▶ The problem: When you copy from the entries that follow, take only the lines from the one with "Mini cc [noir] granulé/doré" down to the one with "Brosse Roller and", keeping both ends and dropping every picture.

*** Opening of Input material ***

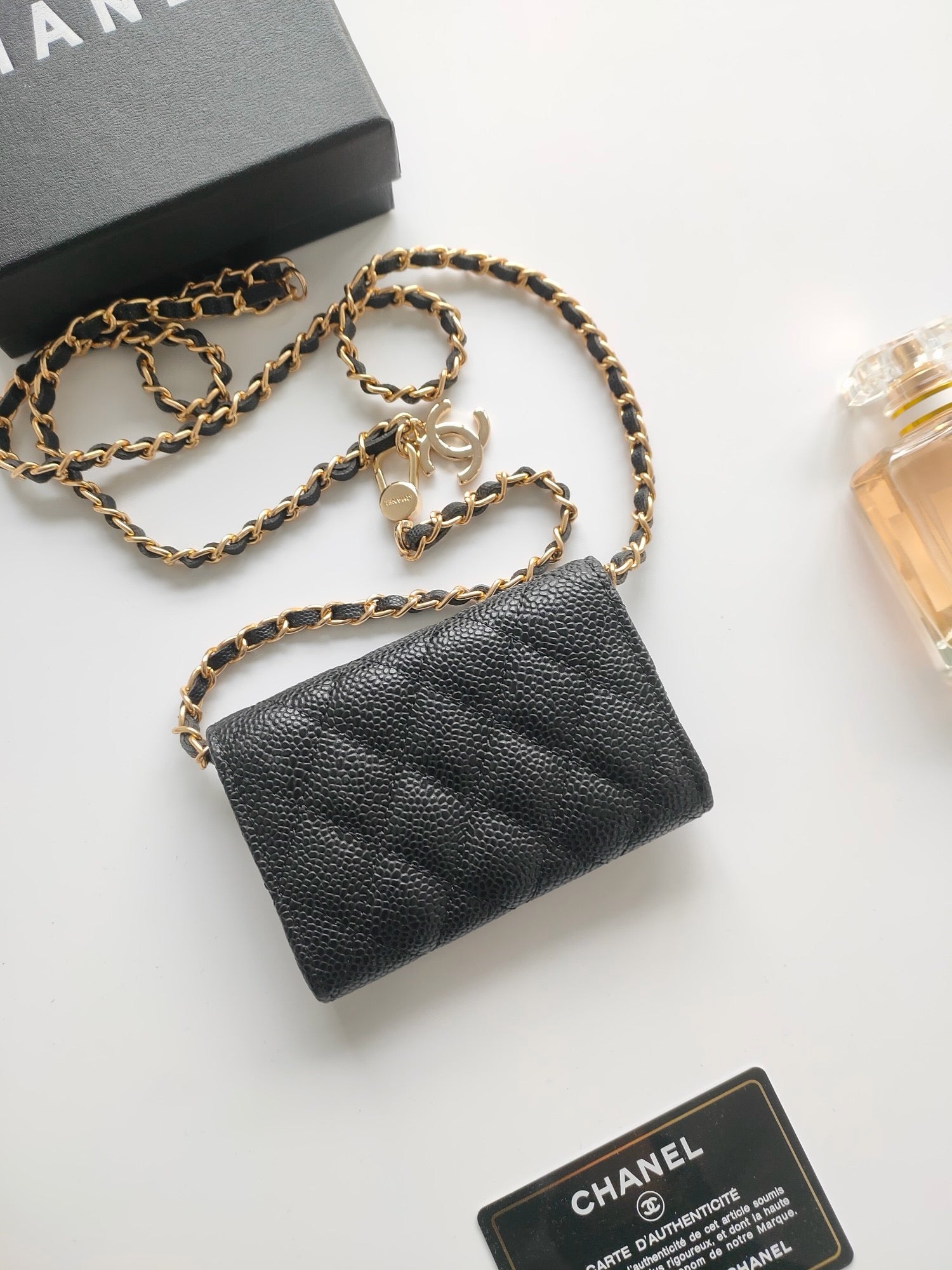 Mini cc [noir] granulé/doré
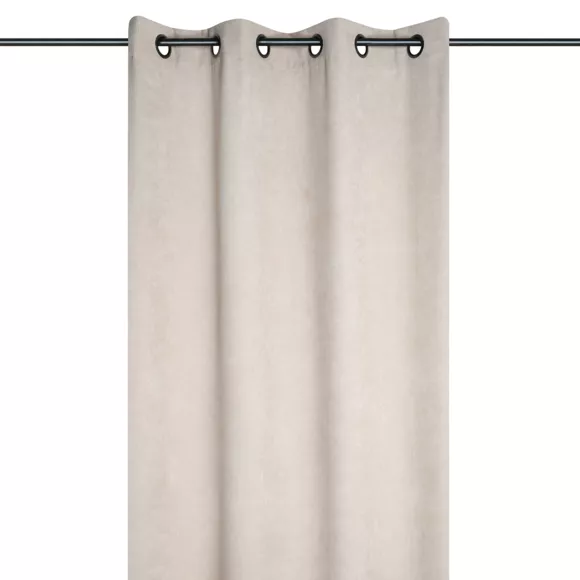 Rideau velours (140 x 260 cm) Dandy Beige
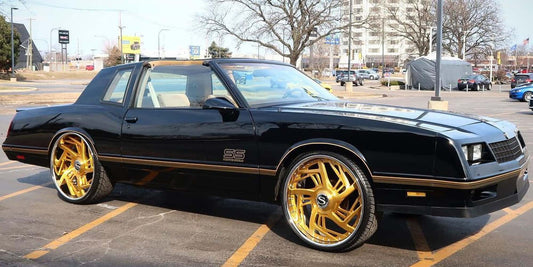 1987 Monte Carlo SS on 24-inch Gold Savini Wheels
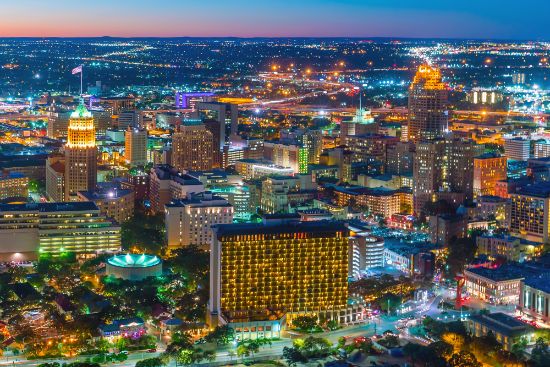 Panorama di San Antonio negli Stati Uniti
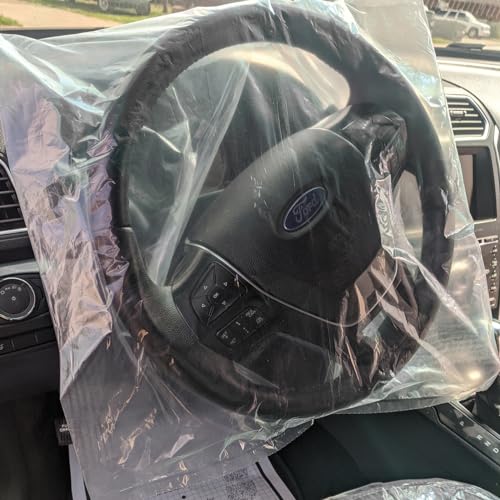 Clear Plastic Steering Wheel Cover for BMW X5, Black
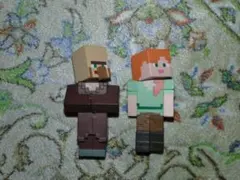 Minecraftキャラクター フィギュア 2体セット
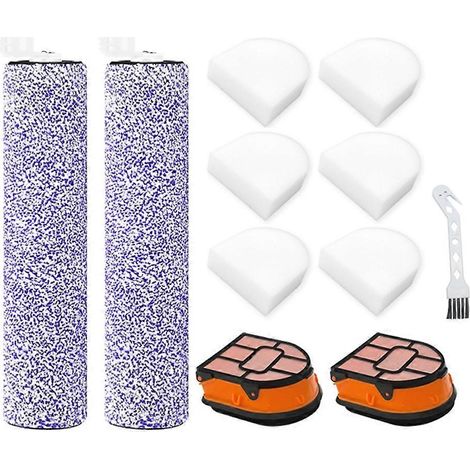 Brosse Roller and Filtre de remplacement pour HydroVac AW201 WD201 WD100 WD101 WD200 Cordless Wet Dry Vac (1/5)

*** Close of Input material ***
*** Opening of Input material ***

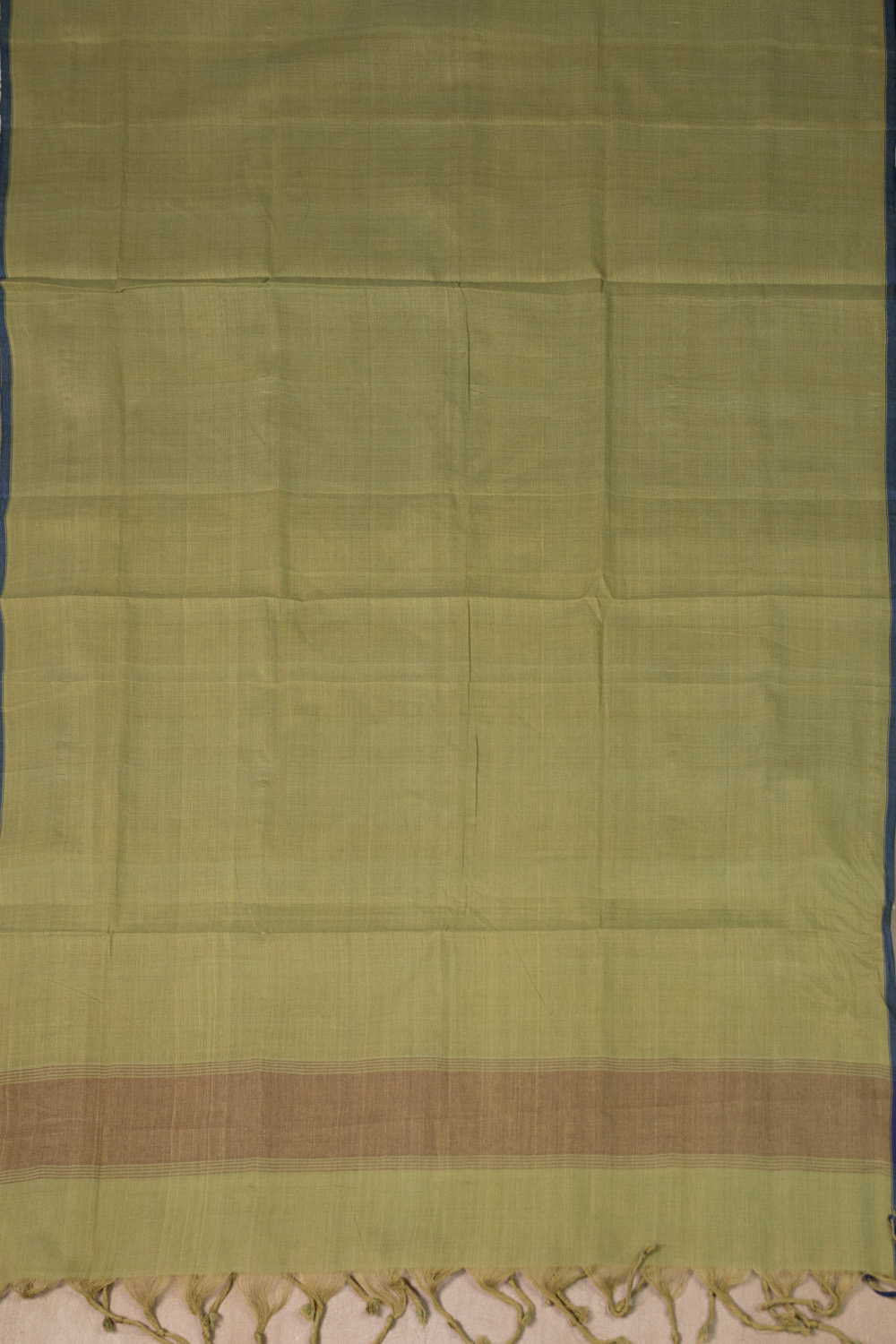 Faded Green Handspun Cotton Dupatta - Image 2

*** Close of Input material ***

▶ Output of the task:
 Mini cc [noir] granulé/doré
 Rideau velours (140 x 260 cm) Dandy Beige
 1987 Monte Carlo SS on 24-inch Gold Savini Wheels
 Panorama di San Antonio negli Stati Uniti
 Clear Plastic Steering Wheel Cover for BMW X5, Black
 Minecraftキャラクター フィギュア 2体セット
 Brosse Roller and Filtre de remplacement pour HydroVac AW201 WD201 WD100 WD101 WD200 Cordless Wet Dry Vac (1/5)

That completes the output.